For me, too much arch support makes the joint in my big toe sore. In other words, different streets for different feets.


----------



## Jay Strongbow (May 8, 2010)

Mapei said:


> For me, too much arch support makes the joint in my big toe sore. In other words, different streets for different feets.


yeah you never know what works for people. Exact oppose for me. "To much" (as judged by how much I'd be comfortable with for street shoes) arch support works wonders for me on the bike.


----------



## ogre (Dec 16, 2005)

I would suggest first trying insoles.

Something that hasn't been mentioned - would you consider switching to MTB shoes and pedals? My Sidi Dominators are by far the most comfortable bike shoe I've ever worn. I get some hot spots with my road pedals and I also get pain on the outside of the foot opposite the arch. I've never had road shoes that were truly comfortable compared to MTB shoes.


----------



## PBL450 (Apr 12, 2014)

Your shoes are too small. There isn’t any fancy alchemy involved. For an athletic shoe to “fit” means it works under the load experienced doing the sport it is being used for. Your shoes fail. Most cycling shoes are pretty poorly designed shoes. Bont, and yes, I’m a fanboy, is an exception. They understand shoes on a whole different level because they are a speedskating company. That’s a sport that demands an understanding of feet and their relationship with shoes and athletic performance. As a cyclist there is no reason to endure the brutality of what real boot sport athletes deal with. I’ve said it a million times, you could bolt cleats to hard soled flip flop and make it work fine on a bike. The longer the ride the more your feet will swell. Buy shoes a little big. If they flex over the pedal they are POS shoes. I don’t care what they cost, they have one job, if they can’t do that they are garbage. Remember, cycling shoes have no bearing on performance so your only concern is a comfy shoe.


----------



## Oxtox (Aug 16, 2006)

velodog said:


> I've never used Giro shoes but it's my understanding that they run narrow.


narrow-ish for sure. my slender foot wallows around in many brands...Giros fit me well.

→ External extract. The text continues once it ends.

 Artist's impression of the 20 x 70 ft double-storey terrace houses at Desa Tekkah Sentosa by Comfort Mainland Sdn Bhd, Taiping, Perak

after multiple pairs of shoes with BOA, tried the Giro Empire lace-up. took a little getting used to the extra 45 seconds needed to tie them, but they offer a nice range of adjustment.


----------



## PBL450 (Apr 12, 2014)

Oxtox said:


> narrow-ish for sure. my slender foot wallows around in many brands...Giros fit me well.
> 
> after multiple pairs of shoes with BOA, tried the Giro Empire lace-up. took a little getting used to the extra 45 seconds needed to tie them, but they offer a nice range of adjustment.


Trackies wear lace ups because the shoe is starting to matter more relative to performance. Lace ups work great, period. You have so much control. If perfect and precise fit matter enough, def consider lace ups. A properly fitting lace up is the best ergonomic design by leaps and bounds. That said, it is unnecessary for the vast majority of cycling applications.


----------



## PoorInRichfield (Nov 30, 2013)

Ah, the memories from when I was young...


----------



## ROAD&DIRT (Mar 27, 2009)

Is anybody familiar with Shimano R171 shoes... fit, convertibility, sizing etc.


----------



## Finx (Oct 19, 2017)

For those looking for 'comfort over everything else', it's pretty hard to beat leather uppers.

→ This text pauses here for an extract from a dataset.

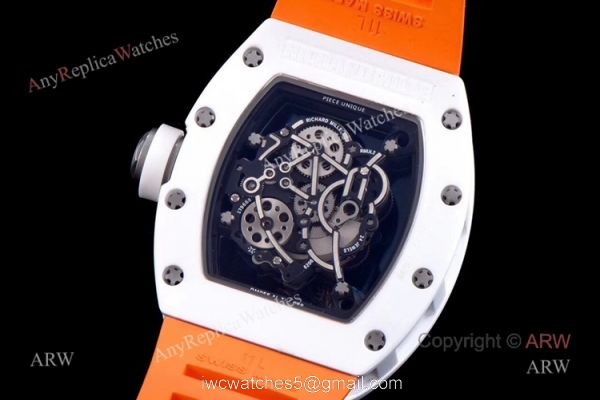 KV Factory Swiss Replica Richard Mille Bubba Watson RM 055 White Ceramic Automatic Watch Orange Rubber Band KV Factory Swiss Replica Richard Mille Bubba Watson RM 055 White Ceramic Automatic Watch Orange Rubber Band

I own two pairs of Lake leather shoes. One for road (three bolt) and one for gravel (two bolt). They are the most comfortable shoes I've ever owned (including non-cycling shoes).

The sizing is pretty standard (I wear a 46 is Shimano, Pearl Izumi, Giro and Lake). They also come in a variety of widths and last shapes (read the model descriptions on their website). 

They aren't cheap, but are worth every penny in my mind.


----------



## PoorInRichfield (Nov 30, 2013)

An updates on this, OP? Curious if anything suggested here has helped.


----------